Protest Norwegów i Niemców przed meczami eliminacji MŚ. Jasny przekaz wobec FIFA

Krzysztof Gaweł
Piłkarze reprezentacji Norwegii i Niemiec zaprotestowali w środę oraz czwartek przed swoimi meczami w eliminacjach piłkarskich MŚ. Na strojach obu drużyn pojawiły się apele o poszanowanie praw człowieka w Katarze, gdzie nadludzkim kosztem budowane są areny przyszłorocznego mundialu.
Piłkarze niemieckiej kadry zaprotestowali przeciwko łamaniu praw człowieka w Katarze Fot.
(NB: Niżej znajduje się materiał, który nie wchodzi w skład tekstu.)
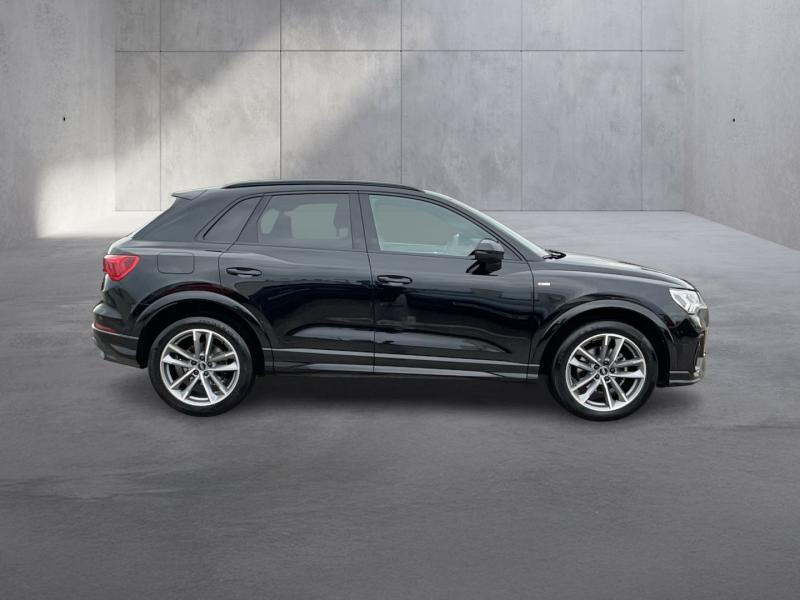Audi Q3 35 TFSI admired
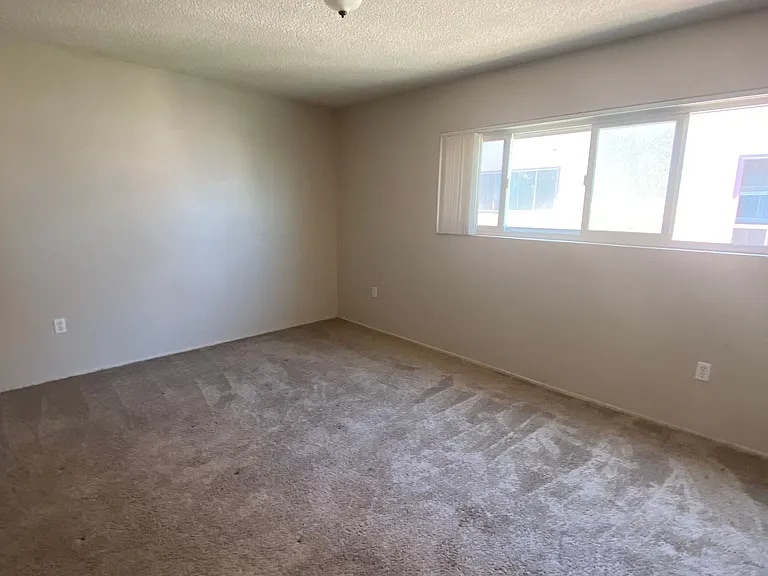 Building Photo - 360 Rosecrans St
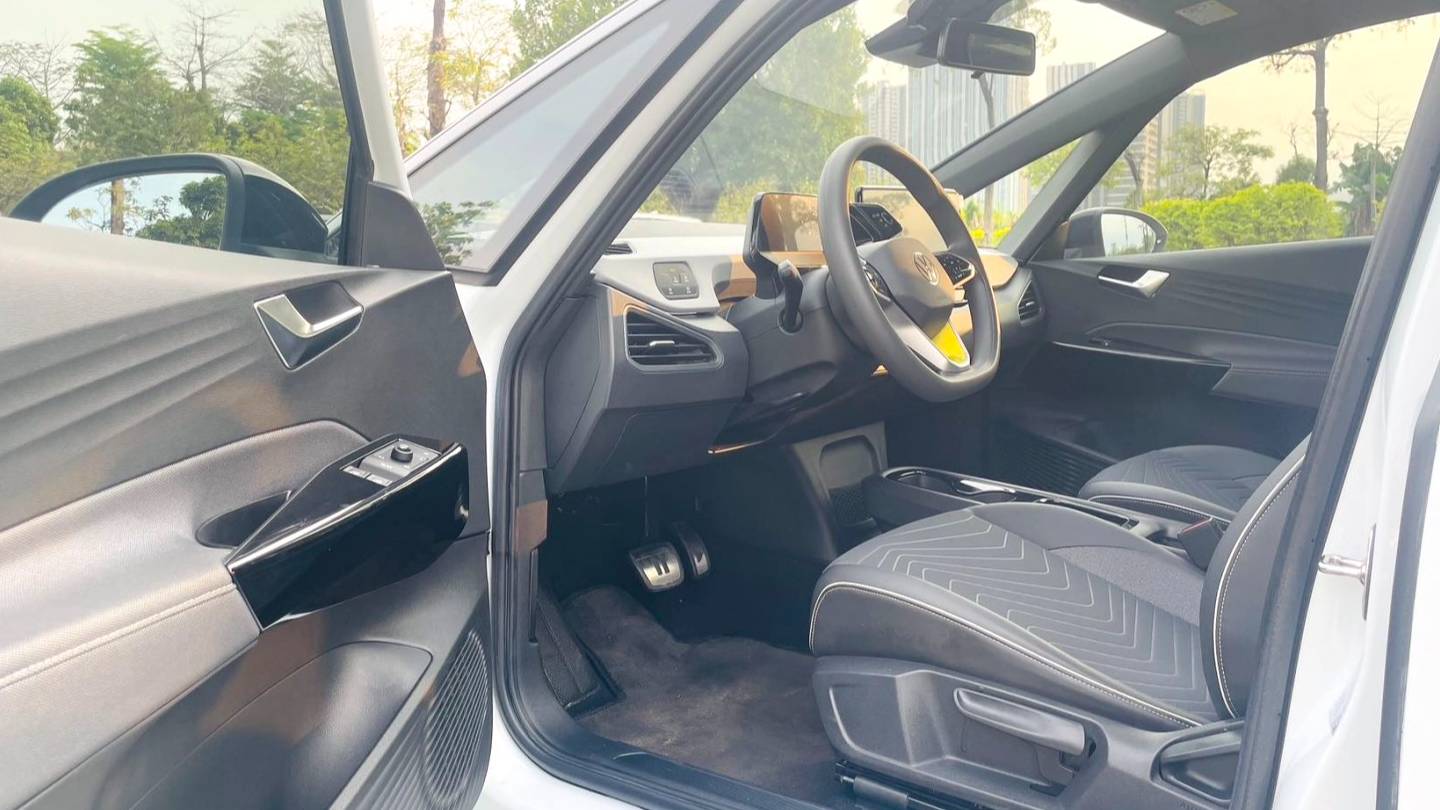 Volkswagen 2023 ID.3 Upgraded Pure Smart Edition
DFB
Wątpliwości na temat poszanowania praw człowieka w Katarze pojawiły się po raporcie dziennika "The Guardian", który opublikował w lutym reportaż na temat przygotowań do MŚ. Zdaniem dziennikarzy podczas prac budowlanych - areny wznoszone są w zasadzie od podstaw - zginęło już ponad 6500 robotników. W większości nisko opłacanych emigrantów, którzy pracują jak niewolnicy.

"Human rights. On and off the pitch" - taki napis mieli na koszulkach Norwegowie wychodzący w środę na mecz z Gibraltarem. W czwartek na podobny gest zdecydowali się piłkarze reprezentacji Niemiec, którzy ułożyli napis "Human rights" stając przed meczem do prezentacji.


Manifestacja obu ekip skierowana była do FIFA, czyli organizatora MŚ, który niezbyt troszczy się o los przygotowujących turniej robotników. Budowy trwają, praca idzie planowo, a wypadki i urazy robotników działaczy FIFA nie interesują. Najważniejsze jest przeprowadzenie turnieju i zarobki, na które nastawiona jest światowa federacja.
Czytaj także: Niemcy efektownie rozpoczęli walkę o awans na mundial w Katarze

O tym, jakim kosztem i w jaki sposób wszystko się dzieje na miejscu, w Katarze, FIFA nie zabiera głosu. I może ukarać drużyny za polityczne gesty. Do tej pory władze organizacji nie skorzystały z tego prawa i w ogóle nie zabrały głosu na temat protestu piłkarzy. I zapewne nie powinniśmy się spodziewać żadnej reakcji, bo FIFA nie lubi przyznawać się do błędów.